— Given records —
== Segment start ==

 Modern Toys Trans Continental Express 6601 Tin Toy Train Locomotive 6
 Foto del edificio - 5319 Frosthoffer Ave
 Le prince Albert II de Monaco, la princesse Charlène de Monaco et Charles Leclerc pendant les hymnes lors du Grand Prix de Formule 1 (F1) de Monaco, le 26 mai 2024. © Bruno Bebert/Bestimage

== Segment end ==
== Segment start ==

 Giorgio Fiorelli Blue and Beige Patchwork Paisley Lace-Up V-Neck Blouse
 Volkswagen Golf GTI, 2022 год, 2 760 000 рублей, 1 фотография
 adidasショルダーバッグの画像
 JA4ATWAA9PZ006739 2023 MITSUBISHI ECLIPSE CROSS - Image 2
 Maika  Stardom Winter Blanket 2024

== Segment end ==
== Segment start ==

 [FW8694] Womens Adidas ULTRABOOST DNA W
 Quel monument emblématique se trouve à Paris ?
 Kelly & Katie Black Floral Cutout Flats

== Segment end ==

— Activity —
Among the entries above, copy exactly only the lines starting with the one containing "Modern Toys Trans" and going through the one containing "Le prince Albert", both ends included.

— Worked solution —
 Modern Toys Trans Continental Express 6601 Tin Toy Train Locomotive 6
 Foto del edificio - 5319 Frosthoffer Ave
 Le prince Albert II de Monaco, la princesse Charlène de Monaco et Charles Leclerc pendant les hymnes lors du Grand Prix de Formule 1 (F1) de Monaco, le 26 mai 2024. © Bruno Bebert/Bestimage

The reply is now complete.